Many workers feel lonely or isolated at work, according to research from culture consultancy Belonging Space.
The poll of 1,000 UK workers found that more than a third (38%) have felt isolated or lonely in the workplace, including 44% of Londoners.
More than a quarter (27%) of respondents said they do not feel a sense of belonging to their whole organisation, but do feel more connected and a greater sense of belonging to their division or department (50%) and to their immediate team (51%).
The issue seems to be more severe for younger workers, with 43% aged 18 to 24 claiming to have experienced loneliness at work compared with 37% of 35- to 49-year-olds.
The worst area was the east of England, where 46% of workers felt lonely.
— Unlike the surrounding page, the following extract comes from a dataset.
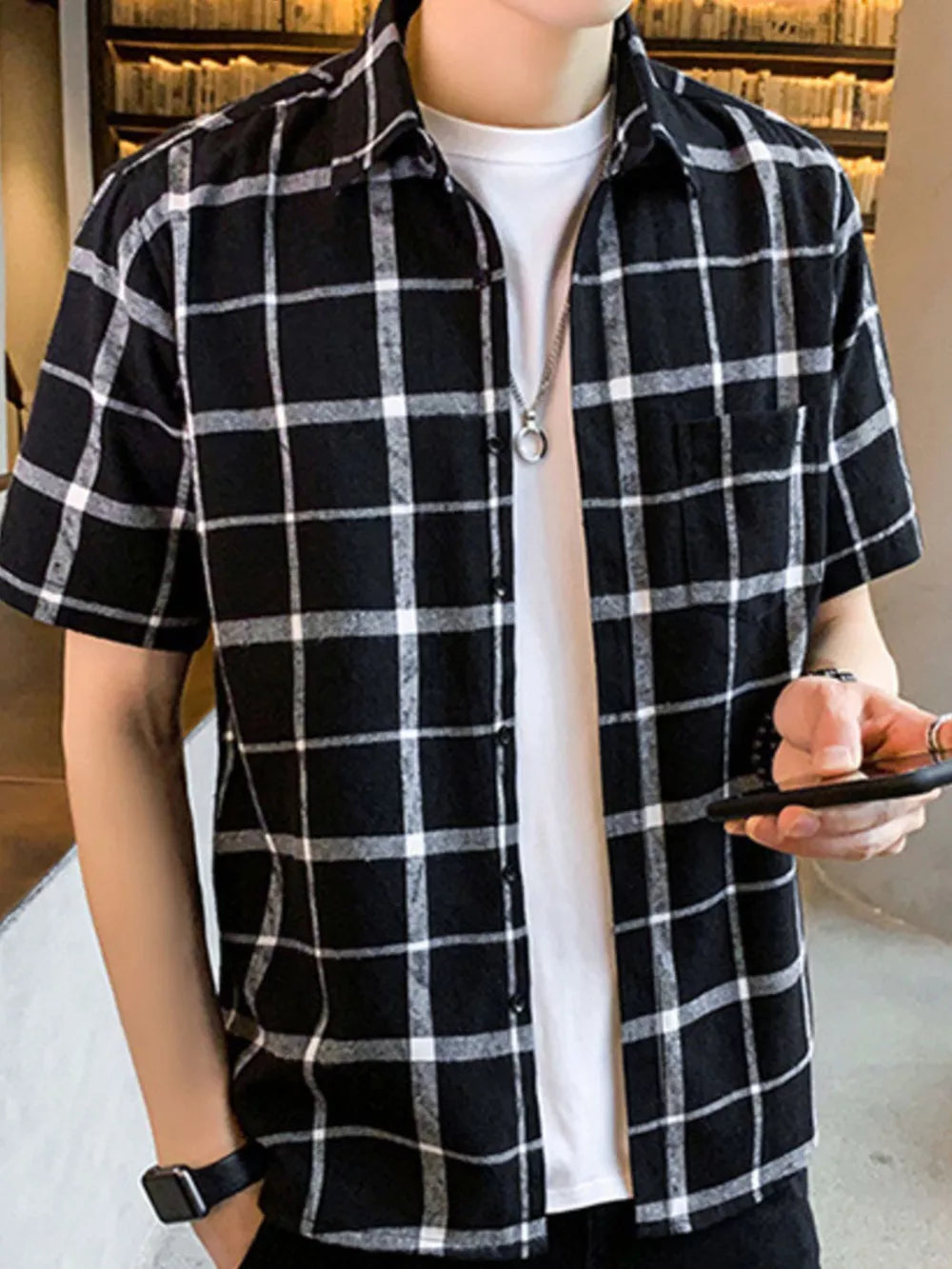 Men's black and white plaid short sleeve button-down shirt with chest pocket.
In the North West, however, just 27% of respondents reported this.
Isabel Collins, co-founder of Belonging Space, said that it's human nature to feel isolated in large impersonal groups. “Humans are a tribal species; it’s natural for people to feel a stronger sense of belonging in smaller more immediate groups,” she said. “It also comes from being creatures of habit. Belonging is connected to shared practice, shared purpose, with the people we see every day.
“Companies need to work harder at creating a sense of belonging throughout, so that people find it easier to connect – to solve problems and serve clients together. A clear line of sight from shared ethos connects people across team, division, region and the whole company.”
Speaking on a separate piece of research commissioned by his company, Eric Mosley, CEO of Globoforce, emphasised the need for humans to be treated as individuals in the workplace for them to thrive, and for their employers to retain them.
“To be successful organisations need to win the hearts and minds of employees,” he said. “A more human-centric approach, where employees are treated not as human capital but as people fosters greater humanity and creates more positive employee experiences.”
Globoforce's research, the SHRM/Globoforce Employee Recognition Survey, found that employee retention and turnover topped the list of workforce management challenges for the second year in a row.
It suggested that while in the past workers may have tolerated a less than satisfactory experience in return for job security, today’s workers have more confidence in exploring better opportunities elsewhere.